▶ [Your instructions]
Reproduce word for word every line from the one containing "幅18mm ステンレス 喜平ネックレス" through the end of the listing below; omit the pictures.

-- Record set follows --

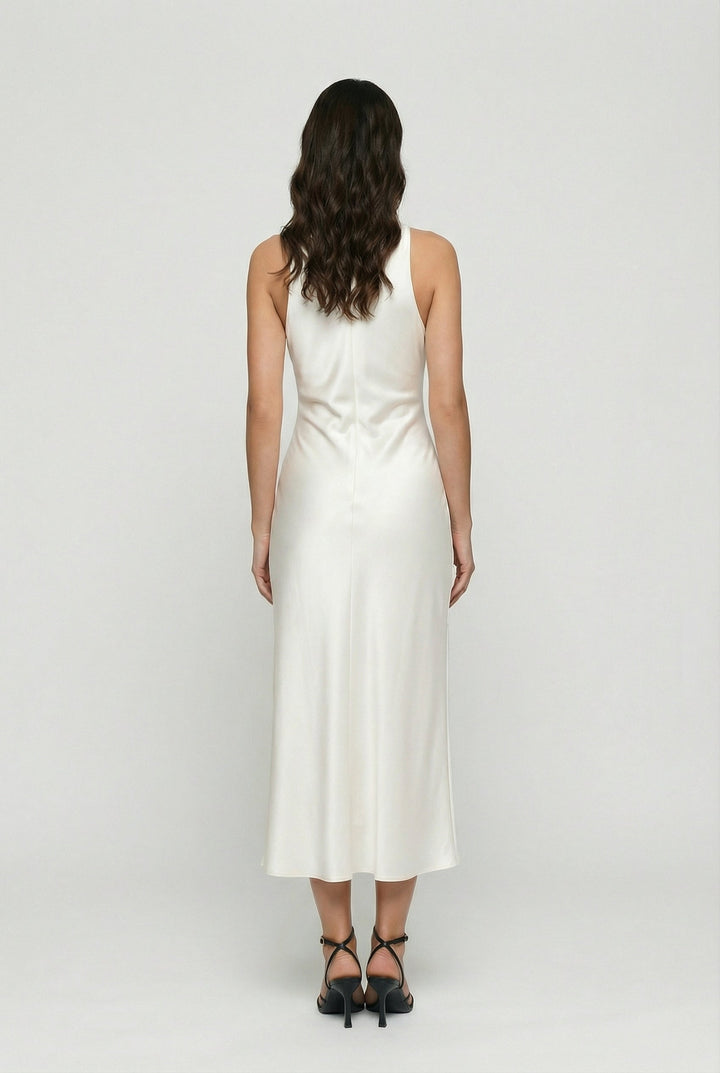 Women's Fitted White Sleeveless Cowl Neck Ruched Midi Dress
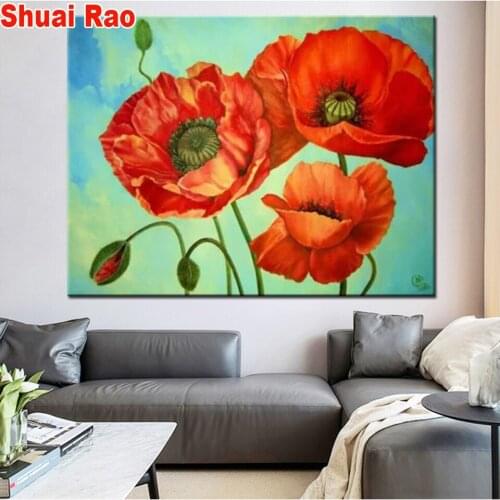 5d diy mosaic diamond cross stitch"Poppies flower"diamond embroidery round diamond painting Full square drill puzzles home decor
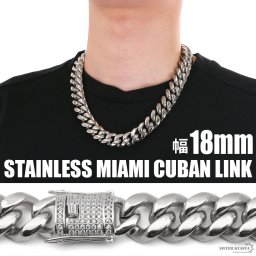 幅18mm ステンレス 喜平ネックレス マイアミキューバンリンク チェーン ブリンブリン CZ パヴェ 二重ロック HIP HOP B系 シルバー 銀 太幅 ワイド 父の日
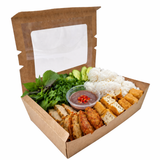  Hộp giấy Clamshell kraft paper box with window 1600 ml 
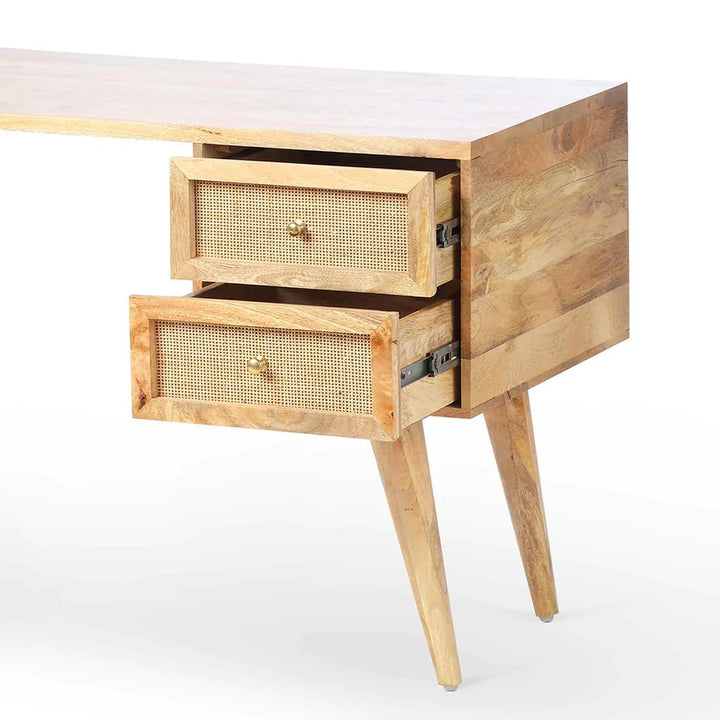 THE WOODEN CITY Solid Wood Study Table | Wooden Computer Table, Office Table for Home & Office, Work Desk Writing Desk (Natural)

-- Record set concluded --

▶ [Answer for this exercise]
 幅18mm ステンレス 喜平ネックレス マイアミキューバンリンク チェーン ブリンブリン CZ パヴェ 二重ロック HIP HOP B系 シルバー 銀 太幅 ワイド 父の日
  Hộp giấy Clamshell kraft paper box with window 1600 ml 
 THE WOODEN CITY Solid Wood Study Table | Wooden Computer Table, Office Table for Home & Office, Work Desk Writing Desk (Natural)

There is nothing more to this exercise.